_Information supplied_:
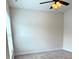 Comfortable bedroom with carpeted floors, ceiling fan, and a large window for natural light at 216 Harrison Ln # 4, Locust, NC 28097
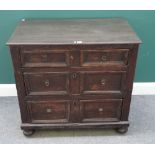 A Charles II and later oak chest of three long graduated moulded drawers,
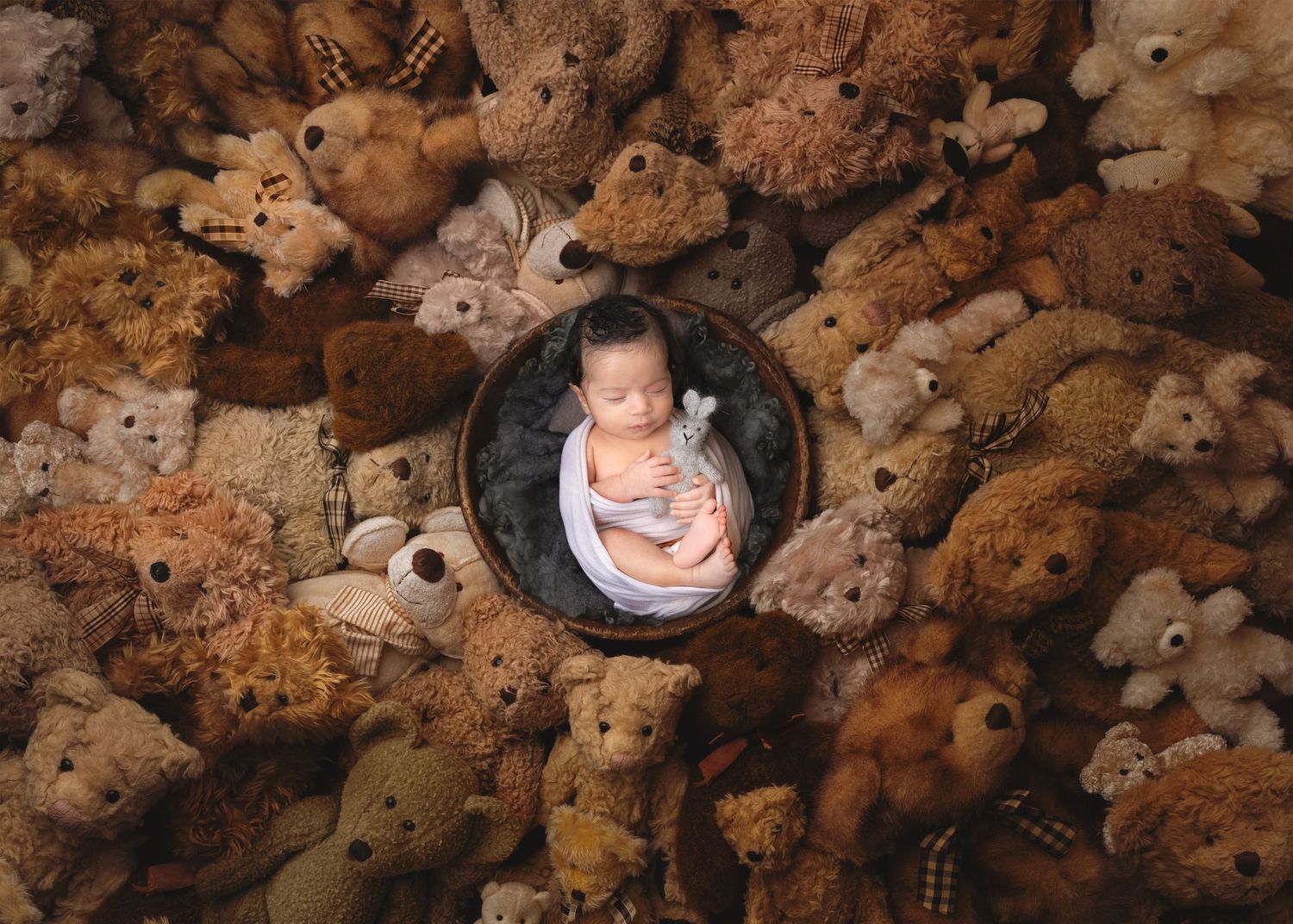Creative newborn photography with baby nestled in a circle surrounded by teddy bears.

_About this task_: Each line of the listing is to be retyped exactly, and its pictures are to be dropped.

_Your solution_:
 Comfortable bedroom with carpeted floors, ceiling fan, and a large window for natural light at 216 Harrison Ln # 4, Locust, NC 28097
 A Charles II and later oak chest of three long graduated moulded drawers,
Creative newborn photography with baby nestled in a circle surrounded by teddy bears.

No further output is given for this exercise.